Salah satu contohnya terjadi di Jember, Jawa Timur, di mana 16 tenaga honorer penjaga palang pintu perlintasan kereta api diberhentikan karena anggaran daerah tidak mencukupi untuk memperpanjang kontrak mereka.
Menurut Kepala Dinas Perhubungan Kabupaten Jember, Agus Wijaya, tidak adanya dasar hukum dalam Undang-Undang Nomor 20 Tahun 2023 untuk memperpanjang kontrak tenaga honorer menjadi kendala utama. Akibatnya, palang pintu perlintasan sempat tidak terjaga sebelum akhirnya relawan dan petugas Dishub turun tangan.
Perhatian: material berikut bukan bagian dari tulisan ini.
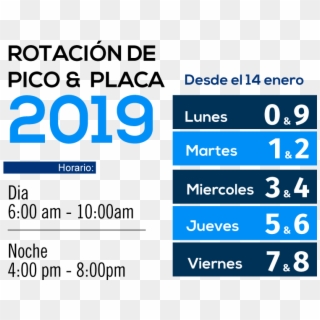 Pico & Placa Desde El 14 De Enero - Pico Y Placa Cali 2019, HD Png Download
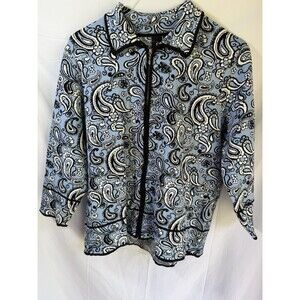 Essential G Santana Fine Knit Zip Front Paisley Print Blue Plus Size Sweater 1X
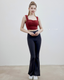 ISLAB054 Thick strap shirring bra top (Fixed Pad)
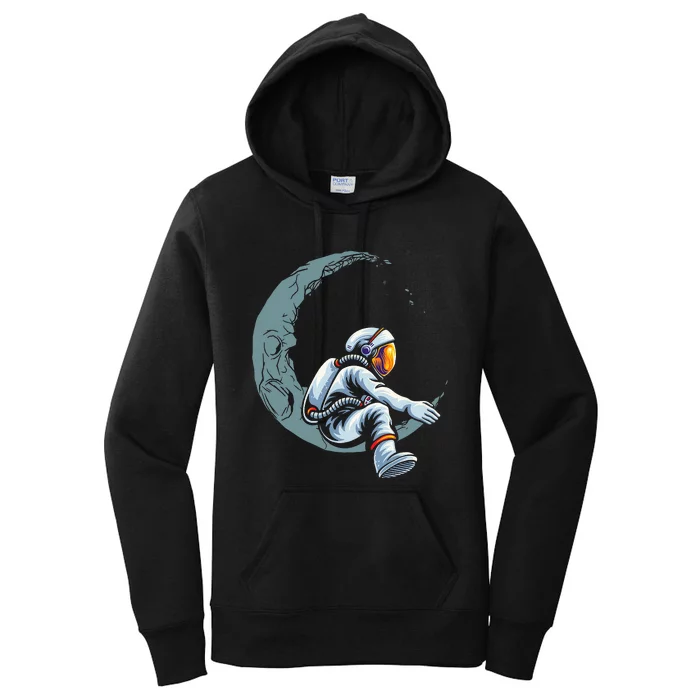 Astronaut Moon Projector Astronomy Telescope Stargazing Women's Pullover Hoodie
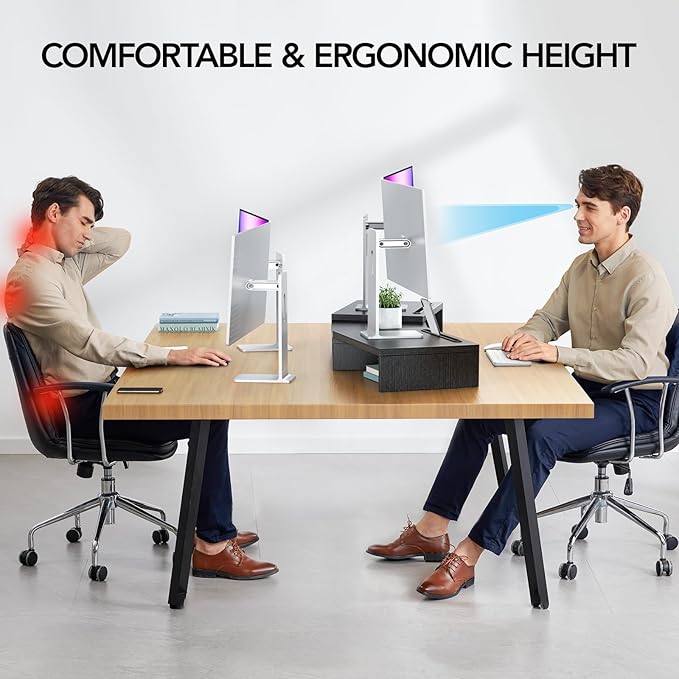 HUANUO Dual Monitor Stand Riser, Adjustable Monitor Stand for Desk with 2 Slot, Desktop Organizer Stand for 2 Monitors, Multi-Purpose Desk Shelf Monitor Stand Riser for Computer, Laptop, PC, Black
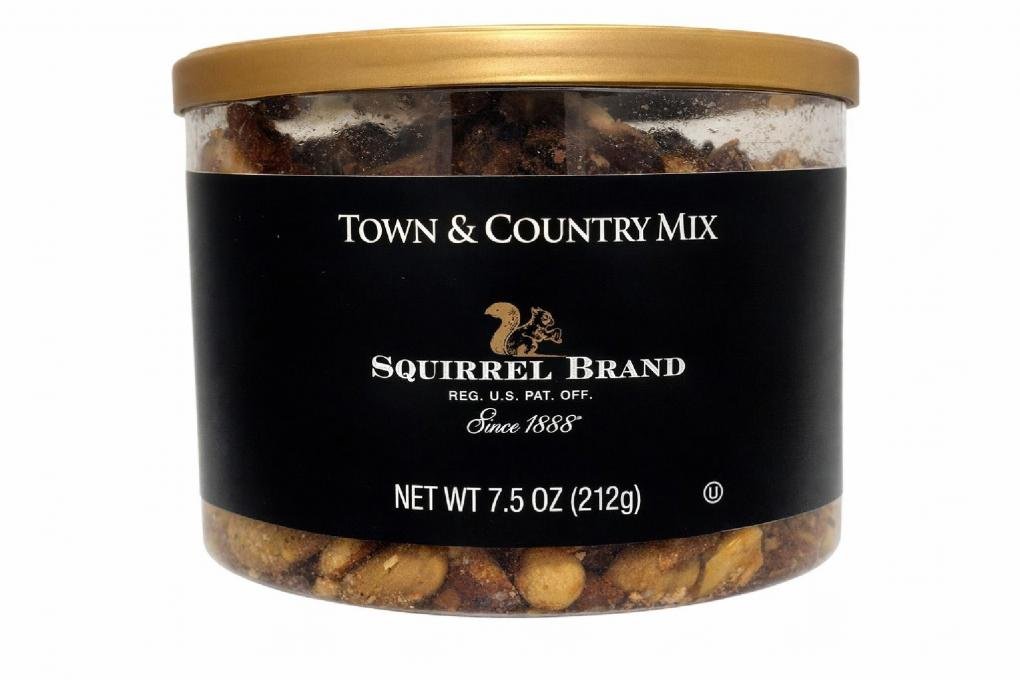 Front package image of recalled Squirrel Brand Town and Country Mix included in FDA Snack Mix Recall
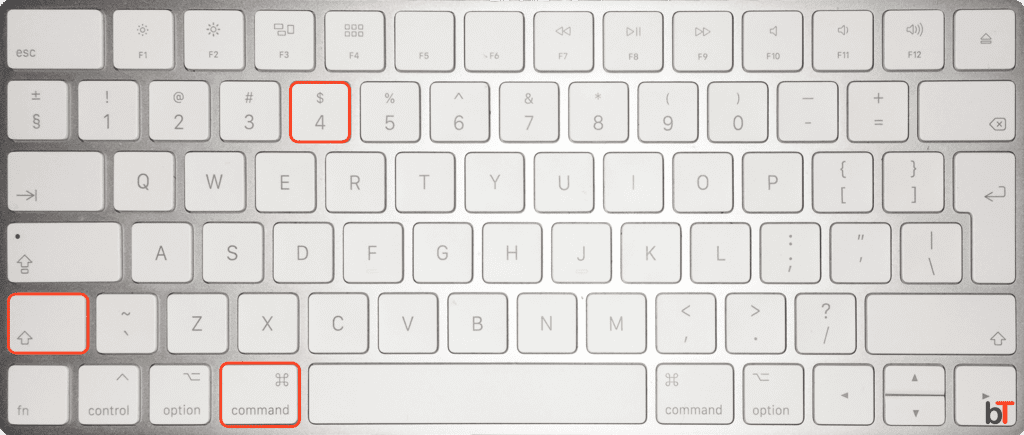 Mac Print Screen Combination: Command ⌘ + Shift + 4 + Drag with mouse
Menurut Jaminan Sosial Institute (Jamsos Institute), kebijakan efisiensi anggaran dapat berdampak luas pada ekosistem ekonomi. Direktur Eksekutif Jamsos Institute, Andy William Sinaga, menyebut bahwa pemangkasan anggaran dapat menurunkan daya beli masyarakat akibat kehilangan pekerjaan. Hal ini terutama akan dirasakan di sektor jasa, seperti perhotelan, yang bergantung pada kegiatan pemerintah.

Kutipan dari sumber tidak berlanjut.